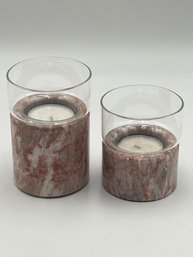 Rose Marble Candle Holders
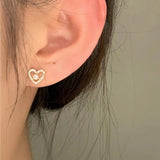 Zircon Heart Stud Earring Flower Pearl Girl Party Jewelry
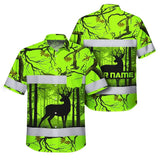 High Visibility Hawaiian Shirt Reflective Deer Hunting Custom Name Safety Workwear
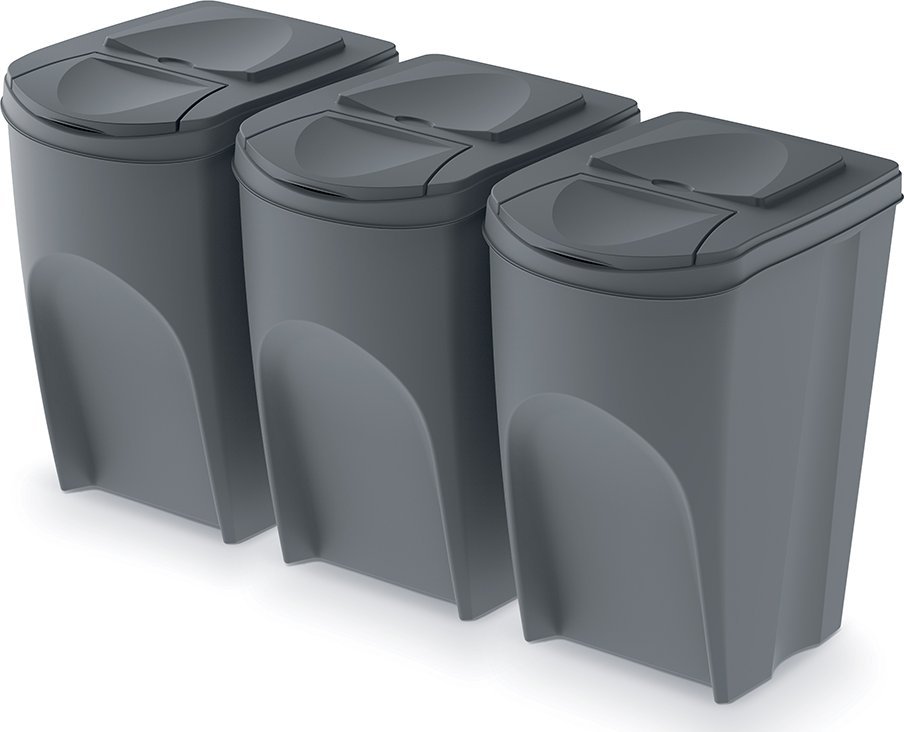 Kosh i mbeturinave SortiBox, 35 L, i hirtë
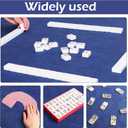Mahjong Mat, Mahjong Table Mat with Prints & Extra Dice, for Poker, Card, Mahjong, Dominoes Games (Blue, 31.5 inches)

# [PROBLEM DETAILS]
Copy out all of the material exactly as written, without its pictures.

# [ANSWER TO THE PROBLEM]
 Rose Marble Candle Holders
 Zircon Heart Stud Earring Flower Pearl Girl Party Jewelry
 High Visibility Hawaiian Shirt Reflective Deer Hunting Custom Name Safety Workwear
 Kosh i mbeturinave SortiBox, 35 L, i hirtë
Mahjong Mat, Mahjong Table Mat with Prints & Extra Dice, for Poker, Card, Mahjong, Dominoes Games (Blue, 31.5 inches)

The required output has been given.